Fermi space telescope spies gamma rays in recurrent symbiotic nova

The Fermi space telescope has recorded gamma rays in certain type of nova for the first time, upending a long-held idea in astronomy.

The Large Area Telescope (LAT), an instrument that makes up part of the Fermi Space Telescope, was used to record gamma rays being produced in the interactions of a pair of stars.

Gamma rays are the most powerful form of electromagnetic energy, billions of times more powerful than visible light, which we use to see objects. The Fermi Space Telescope surveys the entire sky in these wavelengths every three days.

Novas are created in binary stars systems containing a white dwarf, a small, hot stellar body. As the two stars orbit each other, material can migrate from the larger stellar body to its smaller companion. This gas and dust can build up, until temperatures and pressures become great enough to ignite a sudden fusion reaction, similar to a thermonuclear bomb. This instantaneous outburst can produce as much energy as the white dwarf would normally emit in 100,000 years. This process can happen time and again, as long as the larger companion supplies enough stellar material for the cycle to continue.
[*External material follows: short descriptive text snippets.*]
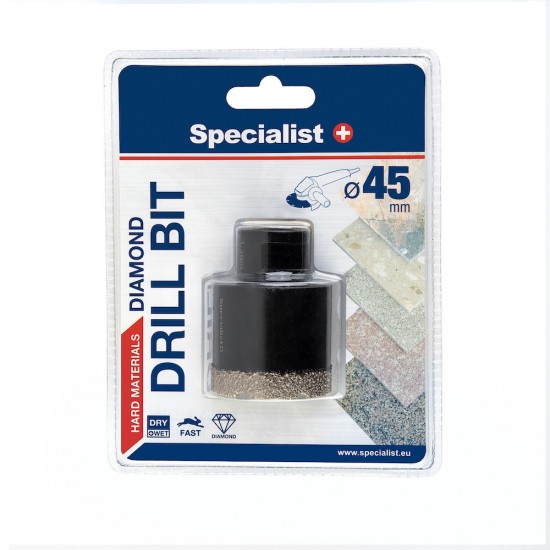 SPECIALIST+ dimanta urbis D45 M14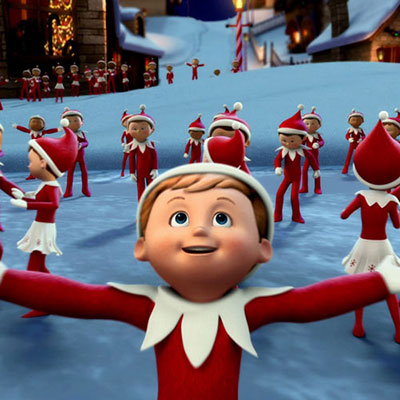 An Elfs Story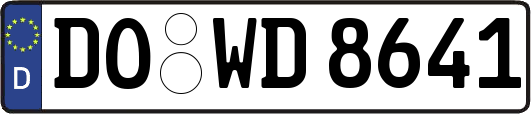 DO-WD8641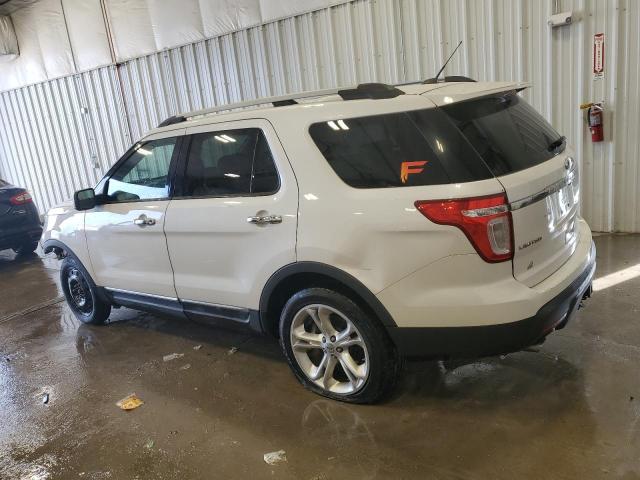 Photo 2 from auction – 2011 FORD EXPLORER L with VIN 1FMHK8F89BGA04045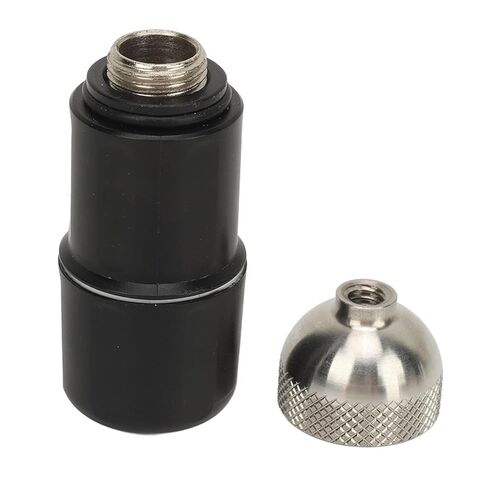 512Hz Transmitter Remote Sonde with Connector Steel Portable Pipe Locator Accessory for Pipeline Sewer Inspection in Saudi Arabia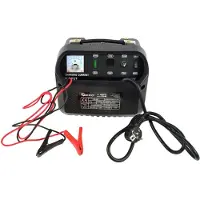 GEKO Autobatterie-Ladegerät 12/24V, CB-40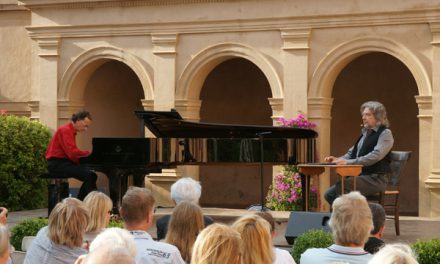 Liszt en musique et en littérature au château de la Moutte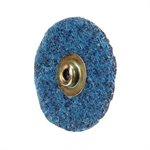 3M 7000046734 – DISQUE FE DE TRAITEMENT DES SURFACES À CHANGEMENT RAPIDE TS 840333 STANDARD ABRASIVES(MC), 2 PO TRÈS FIN, 50 PAR EMBALLAGE INTÉRIEUR, 500 PAR CAISSE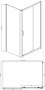 Душевой уголок 120x80x200 Bravat Drop BS120.3100A
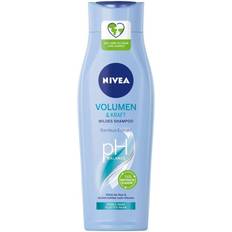 Nivea Volume & Strength Mild Shampoo, 250 Nourishing & Volumising Shampoo 250ml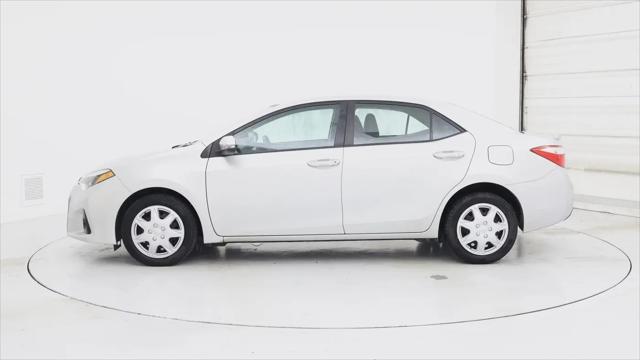 2016 Toyota Corolla S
Astronomers previously believed that novas did not produce enough energy to create gamma rays. These high-energy waves can be produced when particles are accelerated to velocities near the speed of light, something novas were not thought capable of accomplishing. That long-held belief may now be turned on its head.

"No one suspected novae were violent enough to be emitting at these very high energies. However, it now seems possible that a signification fraction - near 100 percent - of novae are gamma ray sources," Sumner Starrfield of Arizona State University, said.

One nova, V407 Cygni, was studied by Starrfield using the LAT instrument aboard Fermi in March 2010. This stellar couple lie around 9,000 light years away from Earth. Contrary to popular belief, the astronomer witnessed the production of gamma rays in gas emitted in the blasts. Two years later, a pair of additional events were also seen during the study, labeled Nova Sco 2012 and Nova Mon 2012. Novas are usually detected as sudden increases in the brightness of visible light from a binary pair.

Recurrent symbiotic nova are a special type of nova, in which the red giant member of the pair pulsates, expelling large quantities of gas to space. The stellar companion of V407 Cyg is one of these types of star, and the nova occurs within this pocket of gas. Starrfield believes the gamma rays are produced when the blast wave from the explosion crashes into the gas from the giant star, although the exact mechanism remains a mystery.